Play is central to this process, but never decorative. For Hviid, play is a working method; a way to avoid imitation and move beyond solutions that feel too safe. “Play isn’t decor. It’s direction,” he explains. He deliberately moves toward uncertainty. A model that feels unresolved late at night can suddenly make sense the next morning, when daylight hits it at a precise angle. The challenge then becomes translating that brief moment into something durable and repeatable.
This attitude also defines his understanding of function. Works such as the "Bob" bench are sometimes associated with Memphis – not as an aesthetic reference, but as a position that questioned strict functionalism. “I don’t fight form follows function – I expand what function includes.” Which, in his work, also is posture, emotion and presence. Objects can support a body, protect it, or quietly assert themselves in a room. For every piece, the goal is character.
The same thinking carries into commissioned work. Designing for brands such as Atbo, for whom Hviid created the "Cocoon" dining chair, introduces clear constraints: ergonomic, technical and commercial. Rather than limiting the process, these boundaries sharpen it. He begins openly, disruptively, and allows restriction to refine the idea. A production error that interrupts a curve can become a defining feature. What begins as an accident is absorbed into the design language and turned into intention.

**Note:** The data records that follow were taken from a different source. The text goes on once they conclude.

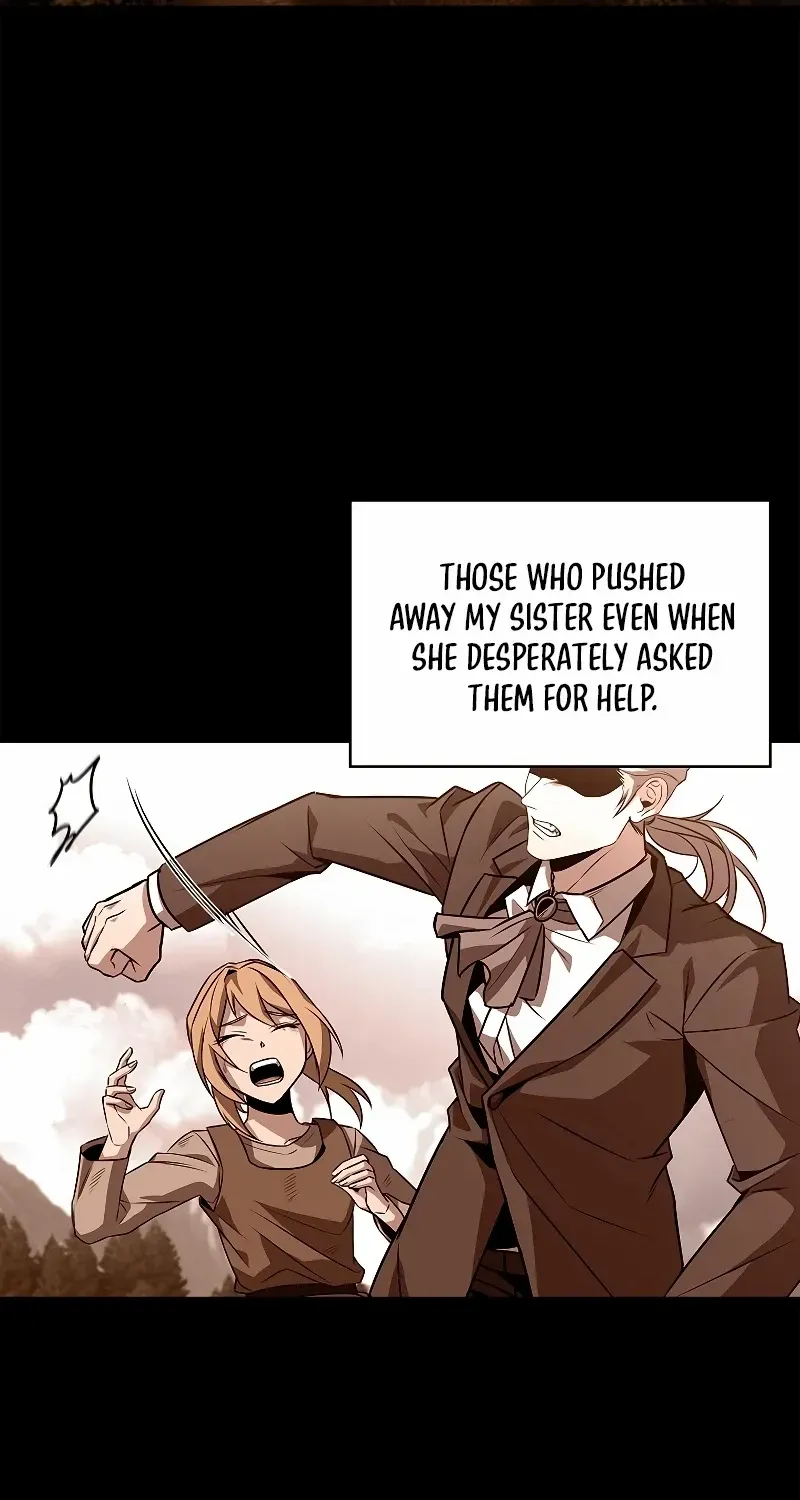 Talent-Swallowing Magician Chapter 84 page 12 - 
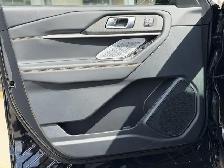 2026 Ford Explorer Tremor - Photo 14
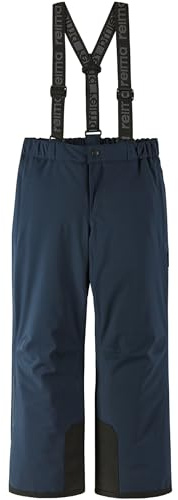 Reima Kinder Proxima Hose, Navy, 128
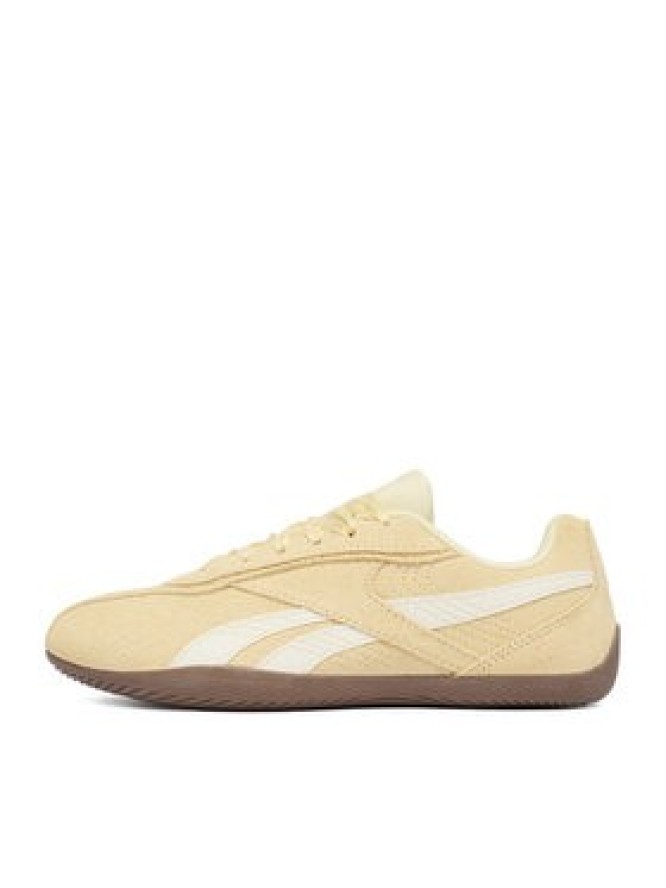Reebok Sneakersy CEOSS-ULTRA LO 100272857 Żółty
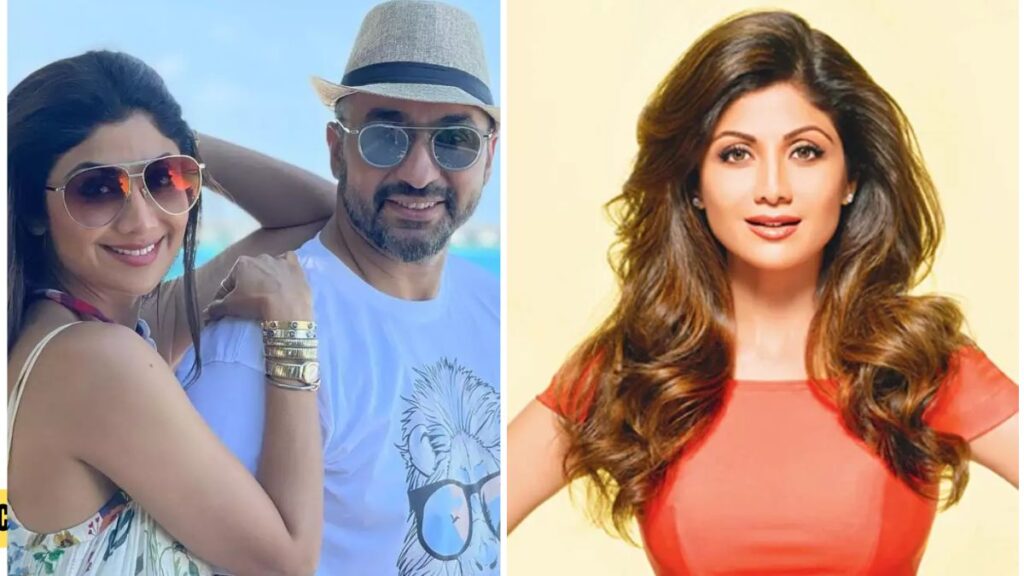 Shilpa Shetty breaks silence on trolls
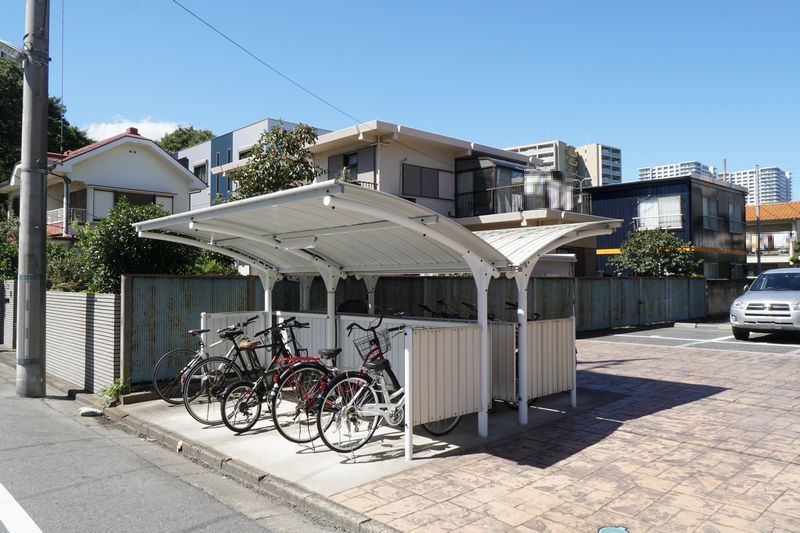 ビジュノーブル 101号-13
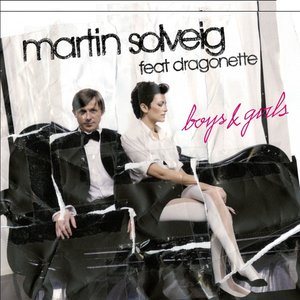 Boys & Girls (feat. Dragonette)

Across different typologies, his work remains connected by sculptural clarity. A lamp like "Trit" and a bench like "Bob" operate at very different scales, yet follow the same logic. Hviid starts with a form that cannot be ignored, then finds the position that does it justice. Lighting reveals its place through movement, seating reveals itself through use. Circulation, voices and pauses become feedback. If the work becomes recognizable, he insists, it should be through rigor rather than repetition.
Looking back, Hviid describes his practice as an accumulation rather than a rupture. The language has grown more layered, more confident, yet its foundations remain intact. Some projects are understood immediately. Others require time. Expanding perception, he believes, is a long-term commitment: "This piece will make sense here in three years – but I’ll install it now anyway.”
Today, Hviid sees his studio as a space one can enter. A practice that takes play seriously through craft, precision and attention at every scale. In increasingly loud environments, some objects may appear too calm, too quiet even. But when they slow people down, that calm becomes value. As he puts it, the pause becomes the point.